• **TASK TO COMPLETE**:
Make an exact copy, without pictures, of the lines below from the one containing "Image of PLOTSAGE" to the last line, both ends included.
============================================================
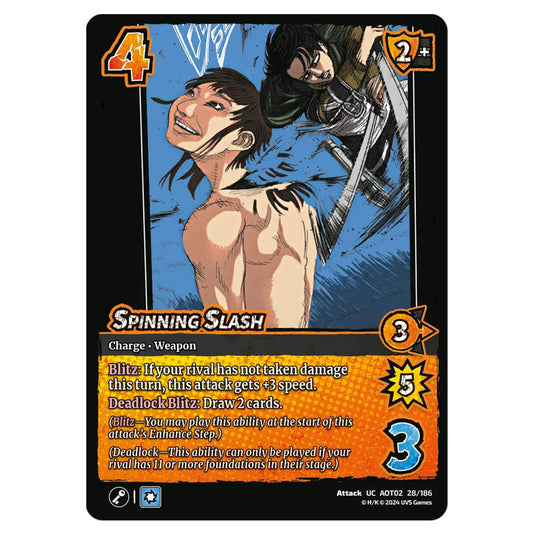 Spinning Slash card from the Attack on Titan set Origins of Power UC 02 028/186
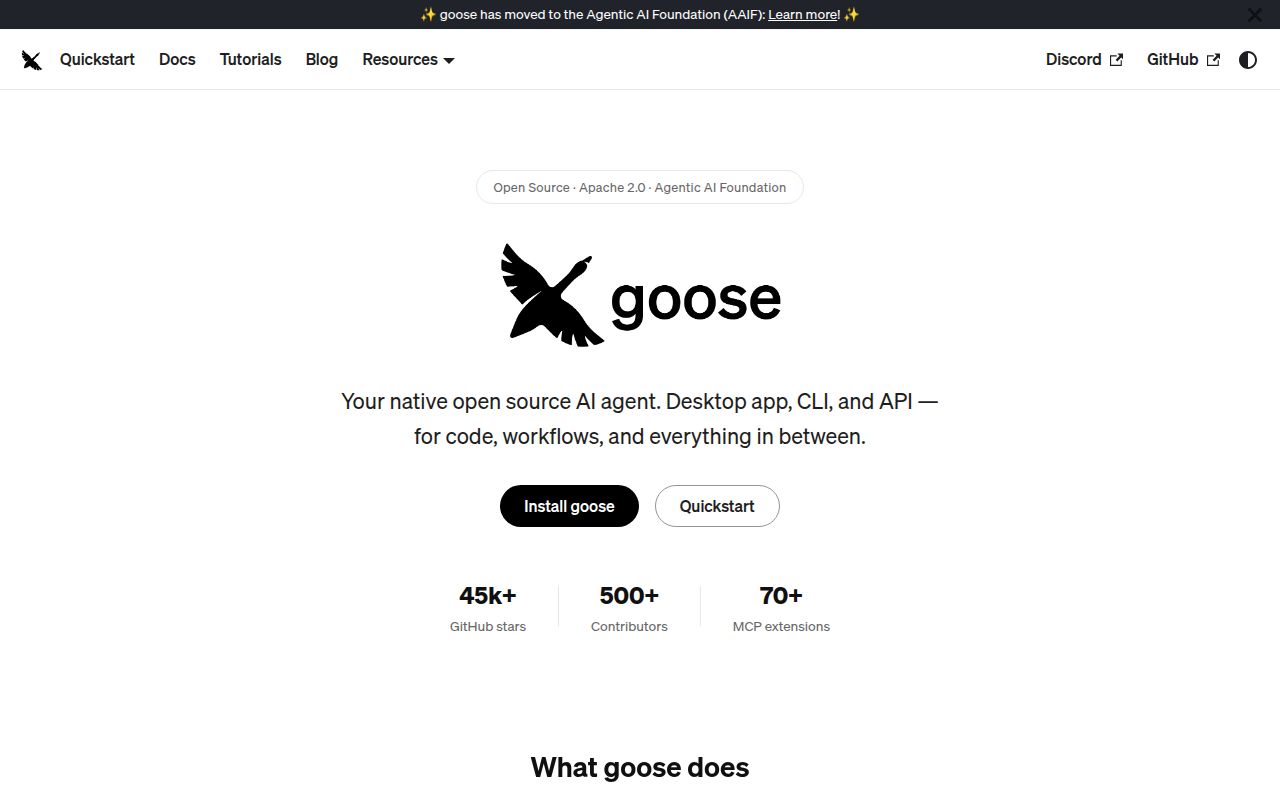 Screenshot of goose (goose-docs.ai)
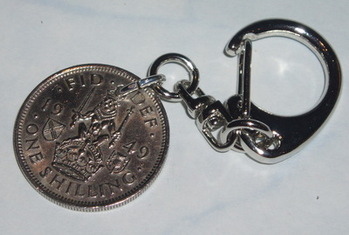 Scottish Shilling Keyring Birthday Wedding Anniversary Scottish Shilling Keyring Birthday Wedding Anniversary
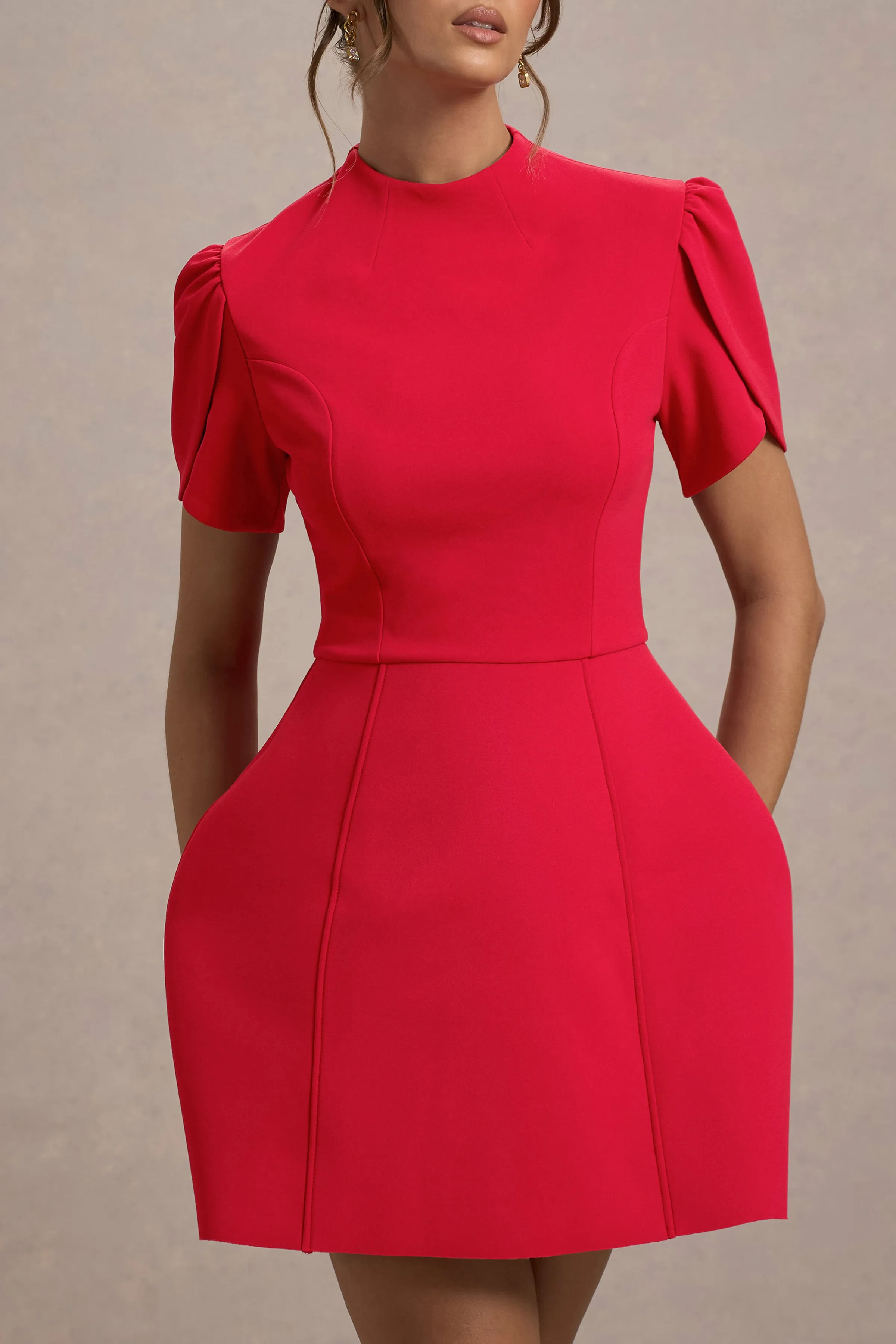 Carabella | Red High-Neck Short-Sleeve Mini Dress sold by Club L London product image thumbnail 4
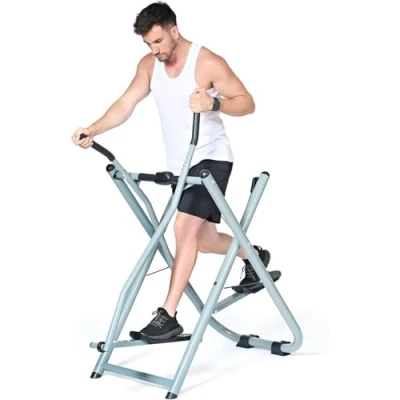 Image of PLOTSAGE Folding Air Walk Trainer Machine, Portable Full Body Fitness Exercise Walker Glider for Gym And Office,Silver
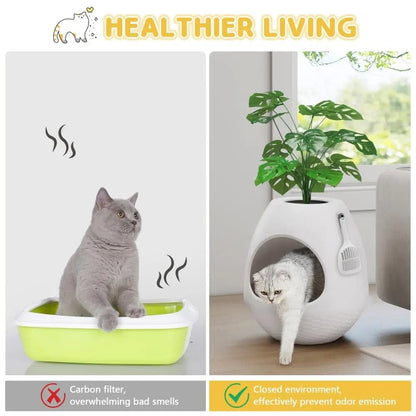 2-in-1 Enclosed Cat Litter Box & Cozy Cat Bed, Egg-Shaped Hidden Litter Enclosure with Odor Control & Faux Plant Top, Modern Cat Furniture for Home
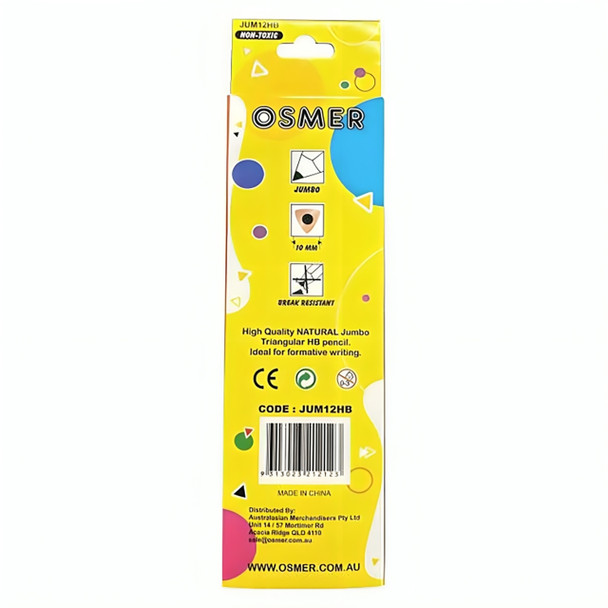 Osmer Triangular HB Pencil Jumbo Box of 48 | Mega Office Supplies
============================================================
• **REPLY TO THE TASK**:
 Image of PLOTSAGE Folding Air Walk Trainer Machine, Portable Full Body Fitness Exercise Walker Glider for Gym And Office,Silver
 2-in-1 Enclosed Cat Litter Box & Cozy Cat Bed, Egg-Shaped Hidden Litter Enclosure with Odor Control & Faux Plant Top, Modern Cat Furniture for Home
 Osmer Triangular HB Pencil Jumbo Box of 48 | Mega Office Supplies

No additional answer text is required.